> [Data shown]
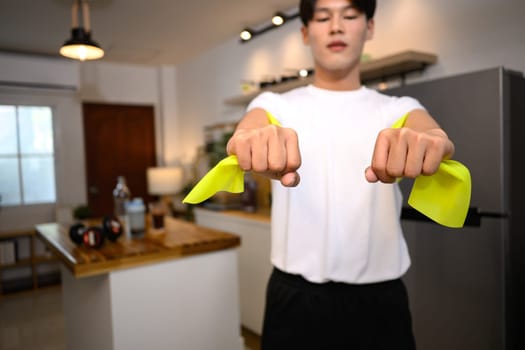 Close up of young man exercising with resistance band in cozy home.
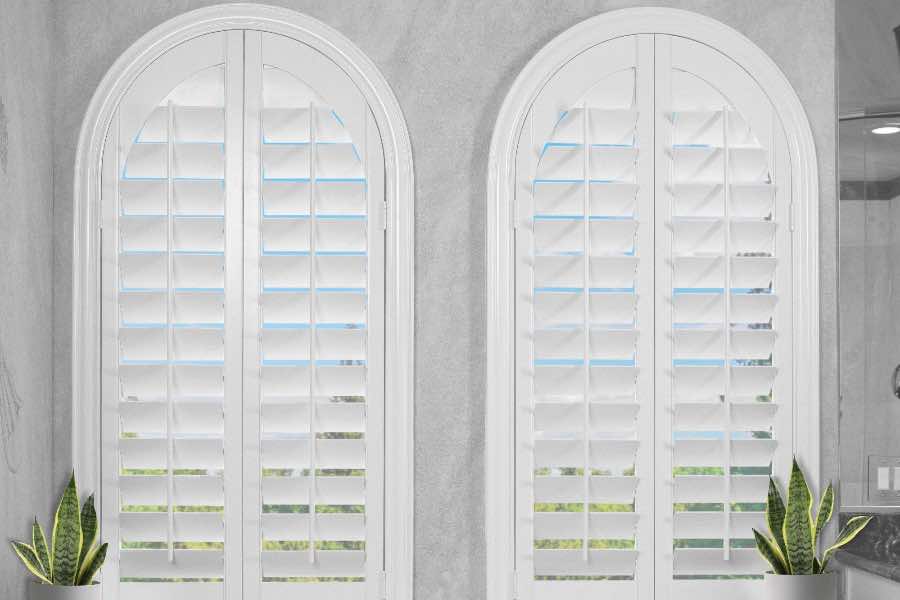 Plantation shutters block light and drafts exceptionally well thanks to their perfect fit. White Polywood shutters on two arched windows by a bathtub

--

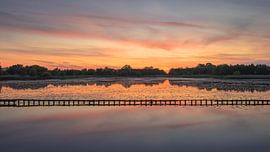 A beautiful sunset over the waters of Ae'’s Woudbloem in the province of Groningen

> [Problem requirements] Everything above from the line containing "Close up of" through the line containing "Plantation shutters block" must be repeated exactly, and the pictures must be left out.

> [Answer]
 Close up of young man exercising with resistance band in cozy home.
 Plantation shutters block light and drafts exceptionally well thanks to their perfect fit. White Polywood shutters on two arched windows by a bathtub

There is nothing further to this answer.